New historical marker in Westport
marks first Oldham Co. courthouse
Marker tells story of the county’s first court cases
WESTPORT, Ky. (September 2019) – A recently installed historical marker relates the history behind Oldham County’s first courthouse in Westport. It was the site of much community activity that led to the creation of documents that detail the indictment of criminals, sales, auctions, appointments of individuals as justice of the peace, and slave hire-outs.
Westport was the site of the first courthouse in the county from 1828-1838. What is now the Westport Methodist Church was the original courthouse. After much debate, a permanent site was eventually settled upon in La Grange.
Westport was a good choice for the first courthouse due to the steady stream of settlers pouring into the county. They planted roots nearby and established a thriving commercial business in the river town, which served as a main shipping port for nearby towns.
Photo by Helen E. McKinney
Oldham County Historical Society board members, local dignitaries and guests take part in the dedication ceremony of the new historical marker in Westport, Ky.

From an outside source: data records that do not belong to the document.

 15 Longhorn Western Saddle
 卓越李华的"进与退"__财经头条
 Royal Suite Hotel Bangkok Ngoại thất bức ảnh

Oldham County became the 74th county in the state in 1824, and four years later, the first court sessions were held in a newly constructed building in Westport. The towns of Lynchburg, Brownsboro and La Grange were contenders for the site of the county courthouse. Court had been held in these different locations since there was especially stiff competition between Lynchburg and La Grange before Westport was chosen after many proposals, petitions and county-wide votes on the location.
• For more information, contact the Oldham County History Center at (502) 222-0826.
An act of the General Assembly delivered to the county court on Feb. 19, 1827, authorized the legal voters of Oldham County to vote for their permanent seat of justice. At this time, the most popular choices were Westport and land proposed by William Berry Taylor, referred to as the Crossroads (La Grange). After the votes were tallied, there were 623 for the Crossroads and 545 for Westport.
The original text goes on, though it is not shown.